イエメンの大部分を実行支配するシーア派武装勢力フーシは11日、首都サヌアと南西部地域で豪雨による洪水が発生し、この2日間で少なくとも38人が死亡したと発表した。
フーシ派の報道官によると、両地域の広い範囲が浸水し、多くの民家が被害を受けたという。
イエメンの雨季は5月から8月中頃まで続くが、今年は豪雨の発生頻度が高くなっている。
国連教育科学文化機関(ユネスコ)は11日、世界遺産に登録されているサヌア旧市街でも洪水被害が相次ぎ、市内の歴史的建造物少なくとも10棟が完全に崩壊し、約80棟が被害を受けたと報告した。
フーシ派も同様の発表を行っている。
サヌア旧市街には2000年以上前から人が住んでいたと考えられている。その建築様式は独特で、基礎と1階部分は石造り、2階からはレンガ造りであり、世界初の高層建築物とされる。
AP通信はユネスコ当局者の話を引用し、「旧市街だけでなく、その他の古い城壁都市や歴史的建造物が建ち並ぶ地区も注意深く監視している」と報じている。
ユネスコはEUなどと協力してサヌア旧市街の200以上の歴史的建造物を修復してきたが、内戦と異常気象はそれをはるかに超える建造物や史跡を破壊している。
2020年の豪雨による洪水はサヌア旧市街の多くの歴史的建造物に被害を与え、保護活動を弱体化させた。
またユネスコは内戦の影響で修復・保護作業が思うように進んでいないと警告している。
ユネスコ当局者はAPに、「被害は深刻であり、優れた建築的価値を持つ歴史遺産の保護活動を強化しなければならない」と述べた。

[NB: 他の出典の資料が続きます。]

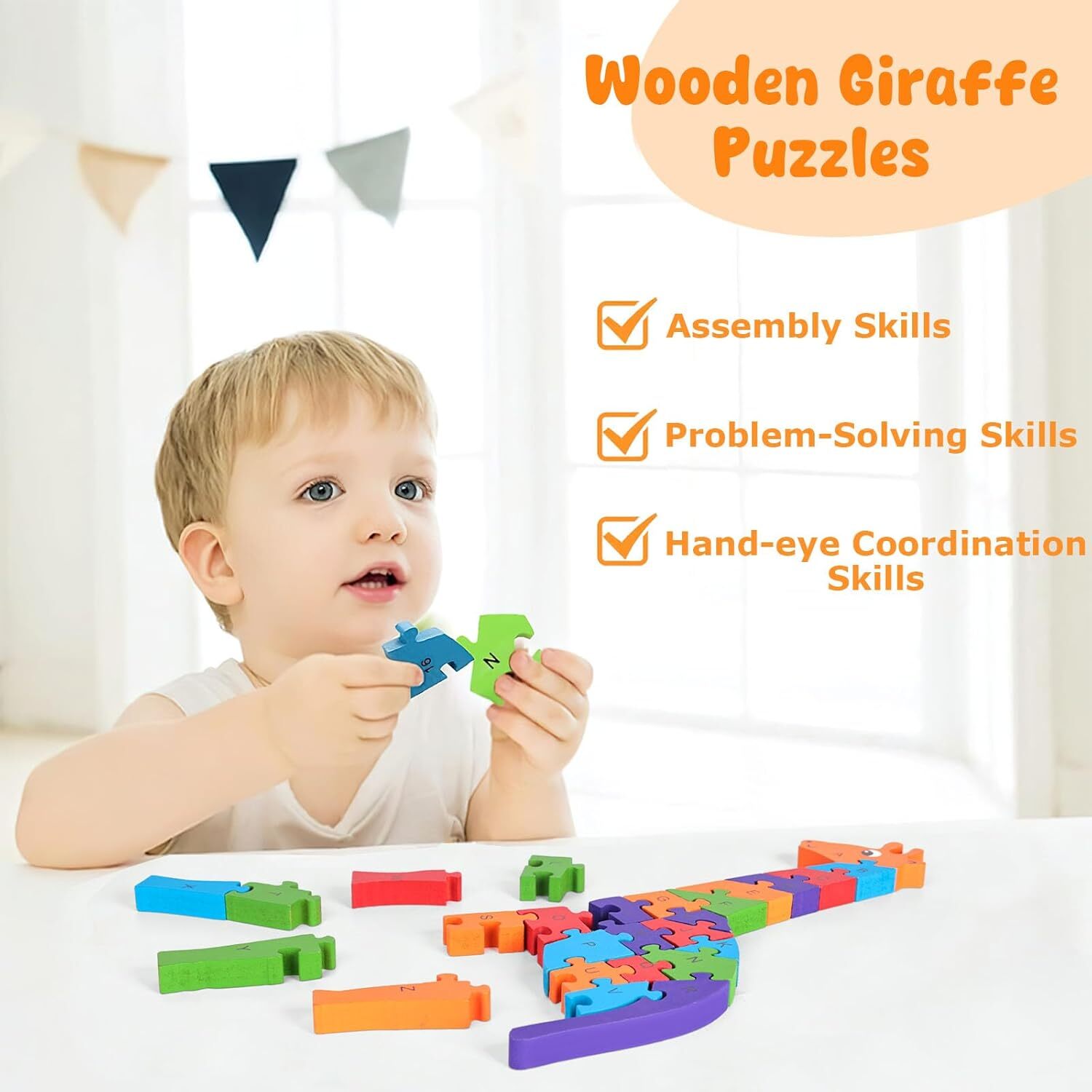 Wooden Alphabet Puzzle for Kids Toddlers – ABC & 123 Montessori Learning Toy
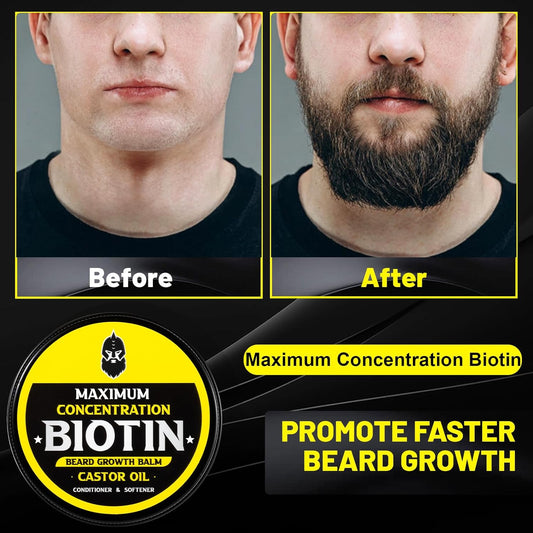 Beard Balm, Maximum Concentration BIOTIN, with Castor Oil and Argan & Jojoba Oils, Promotes Beard Growth, Styles, Strengthens & Softens Beards & Mustaches, 2 Ounce，Sandalwood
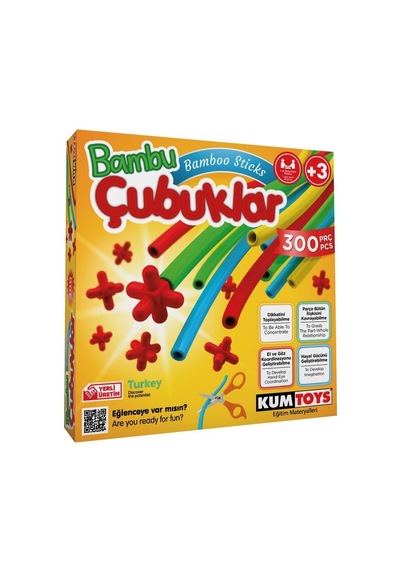 5462 Kumtoys. Bambu Çubuklar - 300 Parça / +3 Yaş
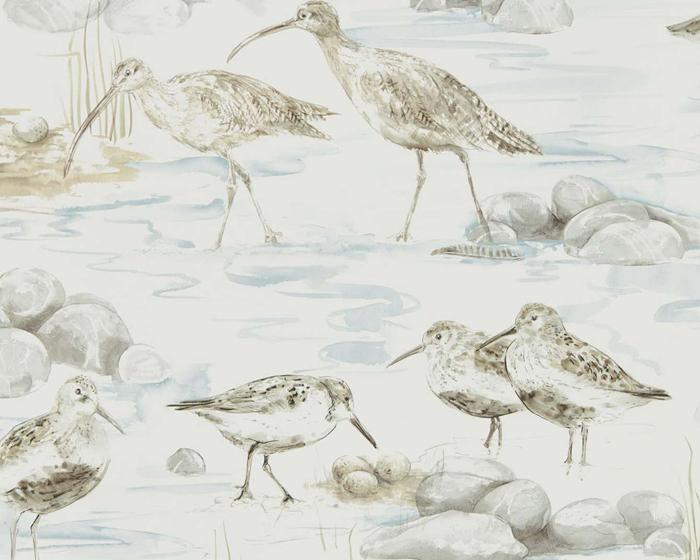 Sanderson Estuary Birds Blue/Grey 216492 Wallpaper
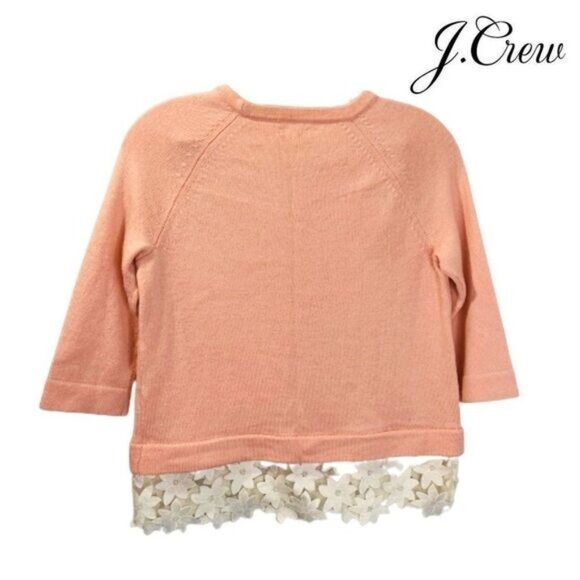 J. Crew Women's Lace Hem Knit Sweater Merino Wool Blend Pullover - Picture 2 of 6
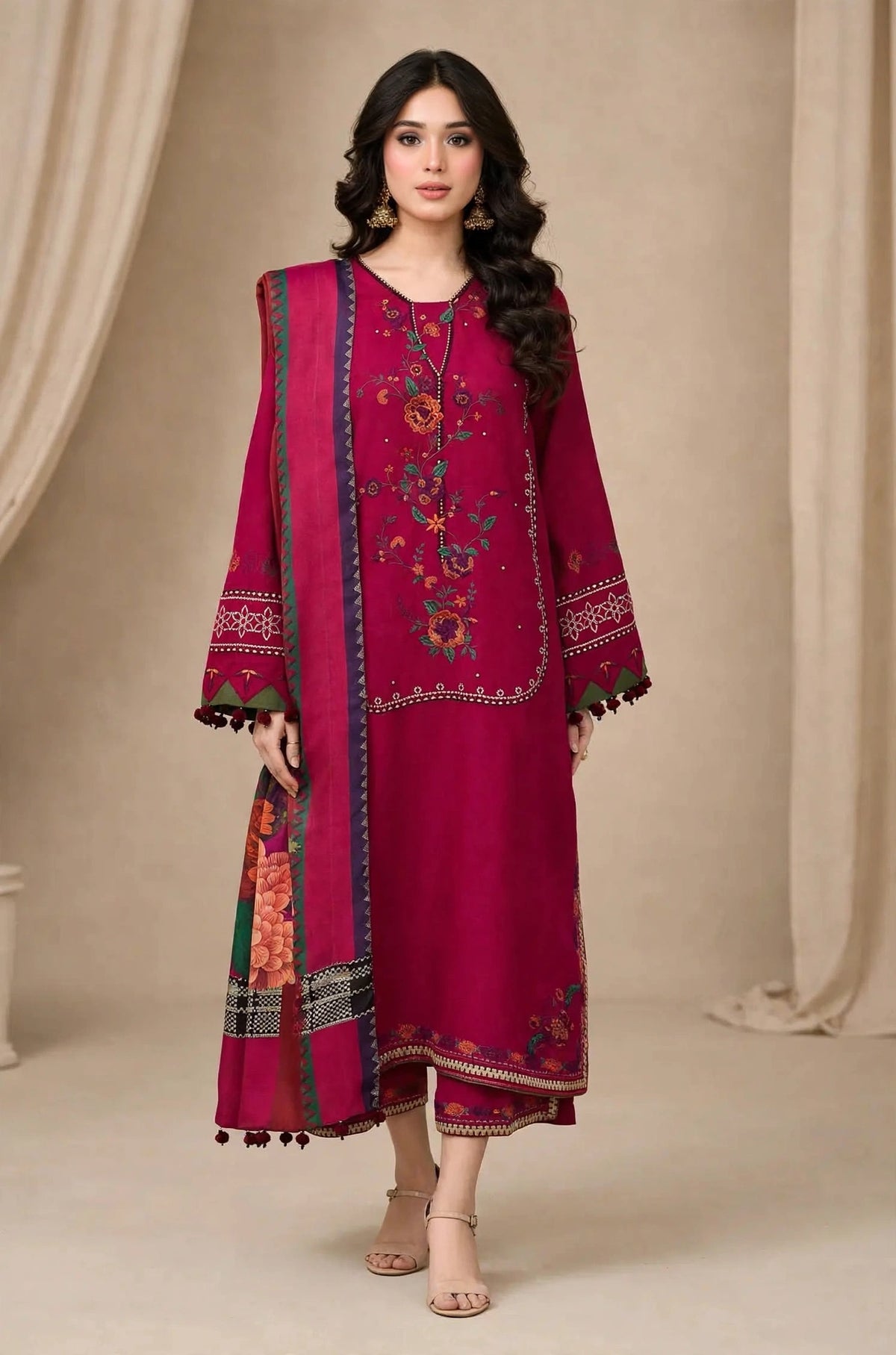 Magenta — Floral Embroidered Dhanak 3-Piece | VN-007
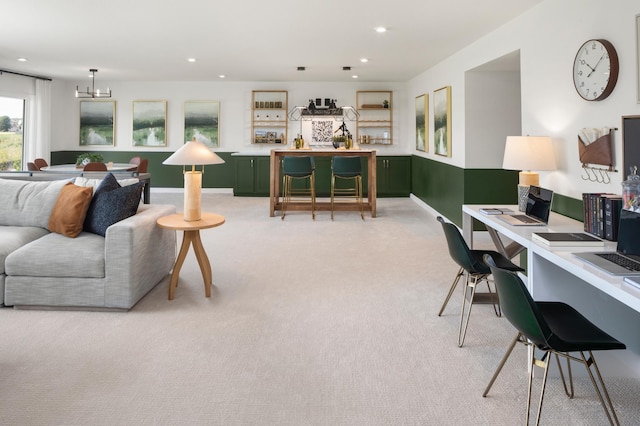 14643 107th Pl N, Maple Grove, MN 55369 - living area featuring light carpet, a desk, and recessed lighting
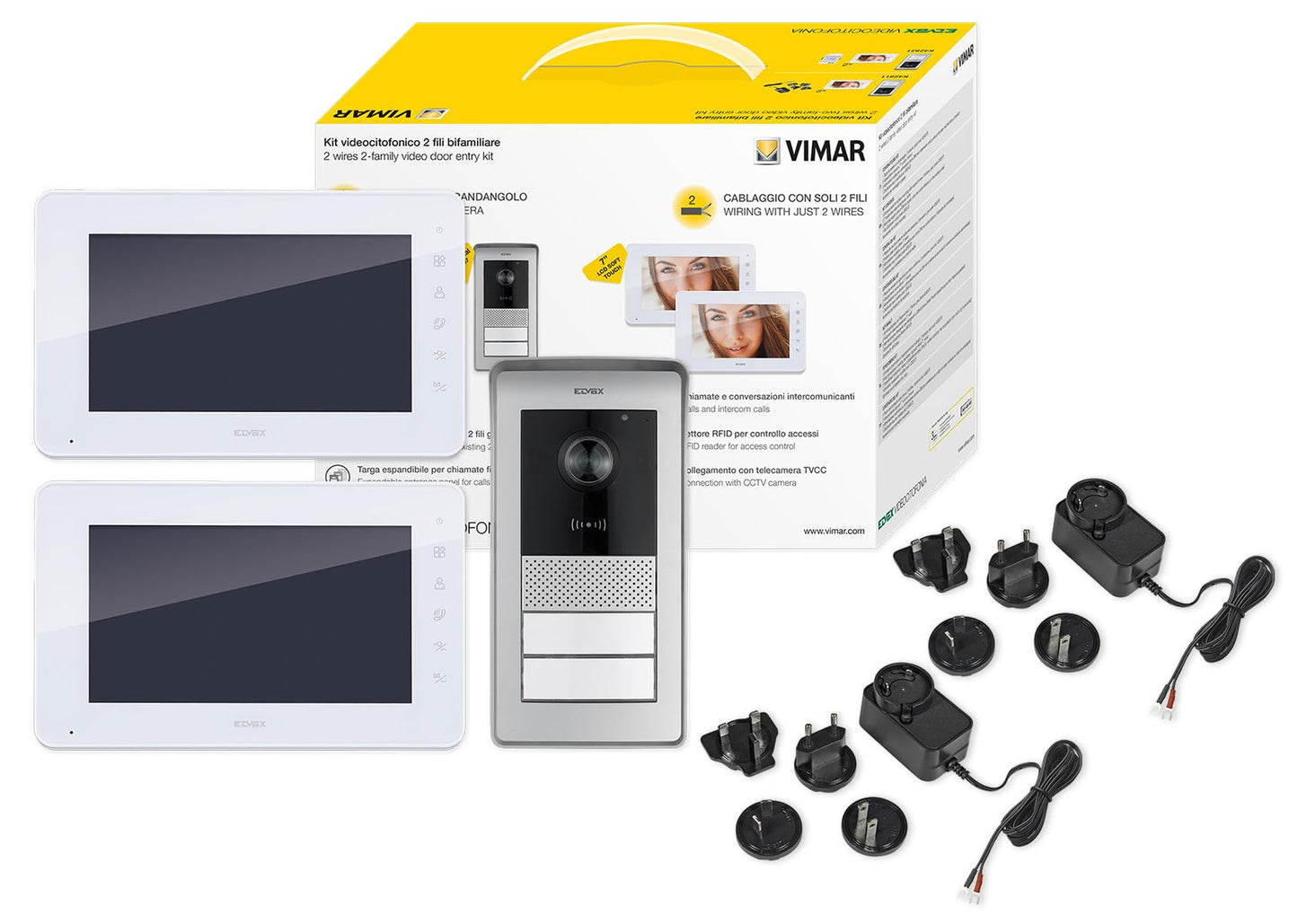 VIMAR K42911 Kit videocitofono multifamiliare con 2 videocitofoni, targa con lettore RFID con 2 pulsanti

2014年に勃発したイエメン内戦は近代史上最悪と呼ばれる人道危機を引き起こし、この8年で少なくとも16万人が死亡。子供を含む1000万~2000万人が飢餓に直面している。
サウジ主導の連合軍はイランの支援を受けるフーシ派の拠点を攻めつつ首都サヌアなどにミサイルを撃ちこみ、インフラと建物を破壊し尽くした。しかし、絶え間ない空爆と地上戦にもかかわらず戦闘は膠着状態に陥り、壊滅的な人道危機を引き起こした。
国連の支援を受ける政府とフーシ派は先週、既存の休戦協定を2カ月延長することに合意した。
専門家はこの内戦をサウジとイランの代理戦争とみなしている。